About this exercise
Could you transcribe the entries below exactly, without any of the pictures?

Dataset excerpts
****

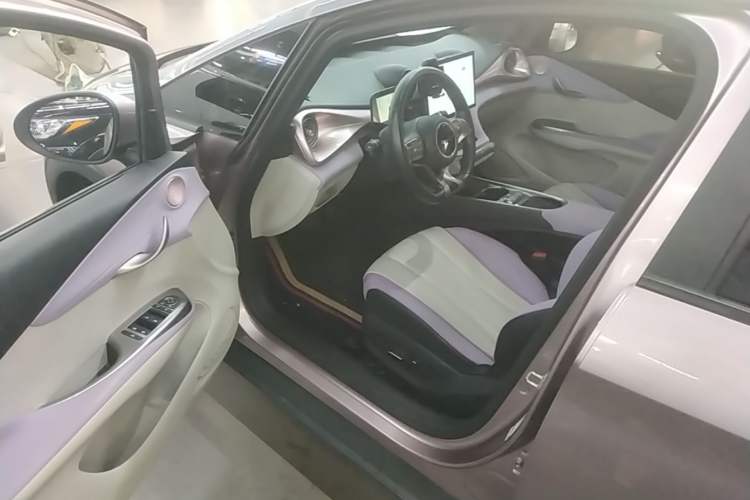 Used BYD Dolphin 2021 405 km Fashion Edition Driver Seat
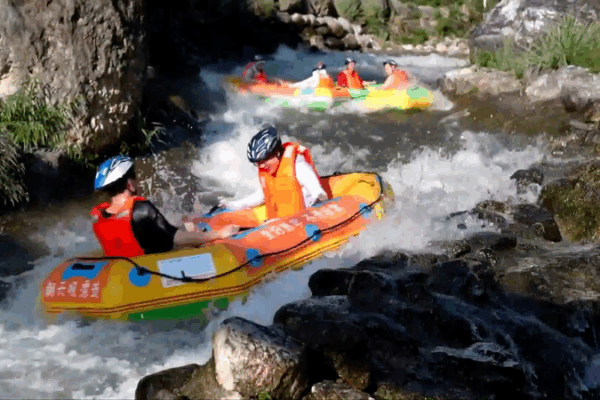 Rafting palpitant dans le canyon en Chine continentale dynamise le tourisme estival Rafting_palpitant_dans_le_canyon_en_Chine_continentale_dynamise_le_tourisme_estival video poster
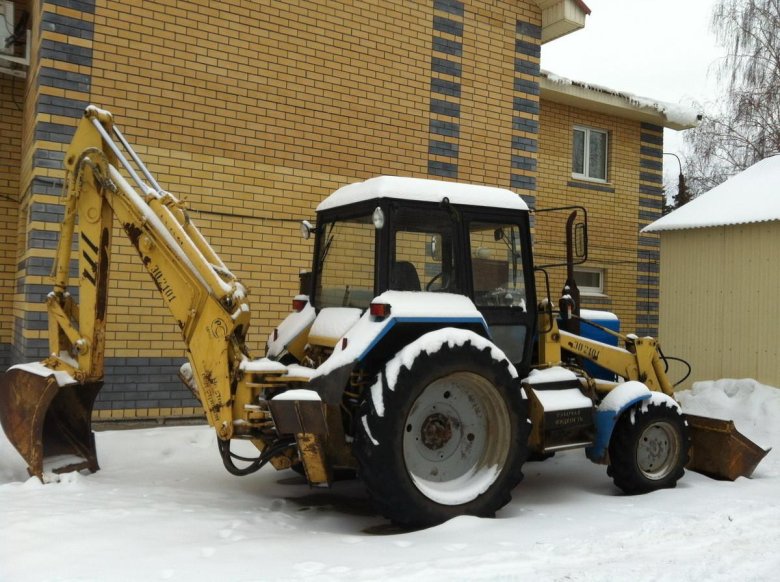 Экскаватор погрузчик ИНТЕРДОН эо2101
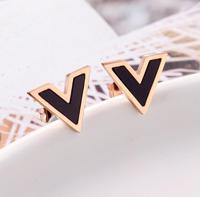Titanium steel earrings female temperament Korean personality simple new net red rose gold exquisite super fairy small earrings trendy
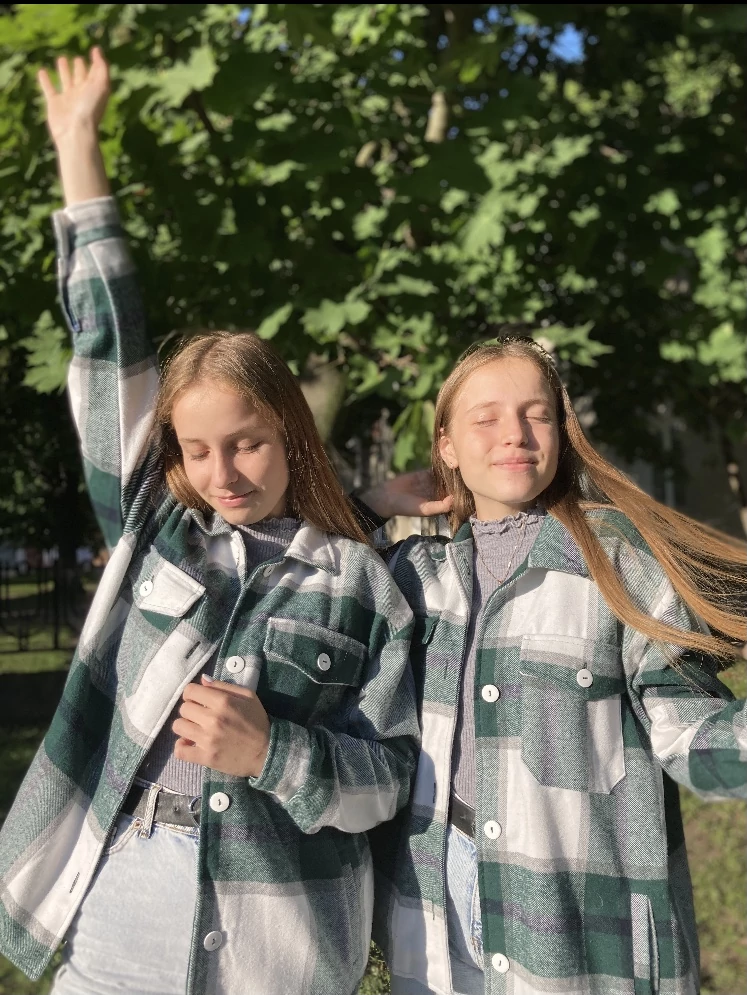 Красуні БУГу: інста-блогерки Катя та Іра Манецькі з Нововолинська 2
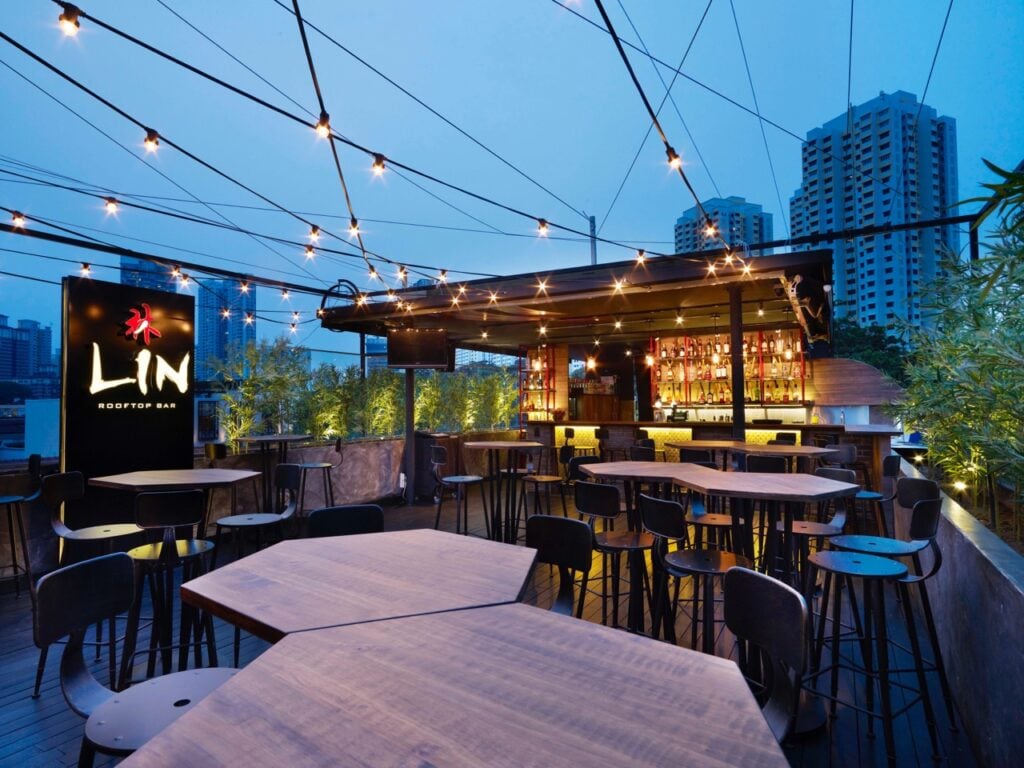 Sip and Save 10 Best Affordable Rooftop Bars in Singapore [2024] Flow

****

Reply to the exercise
 Used BYD Dolphin 2021 405 km Fashion Edition Driver Seat
 Rafting palpitant dans le canyon en Chine continentale dynamise le tourisme estival Rafting_palpitant_dans_le_canyon_en_Chine_continentale_dynamise_le_tourisme_estival video poster
 Экскаватор погрузчик ИНТЕРДОН эо2101
Titanium steel earrings female temperament Korean personality simple new net red rose gold exquisite super fairy small earrings trendy
 Красуні БУГу: інста-блогерки Катя та Іра Манецькі з Нововолинська 2
 Sip and Save 10 Best Affordable Rooftop Bars in Singapore [2024] Flow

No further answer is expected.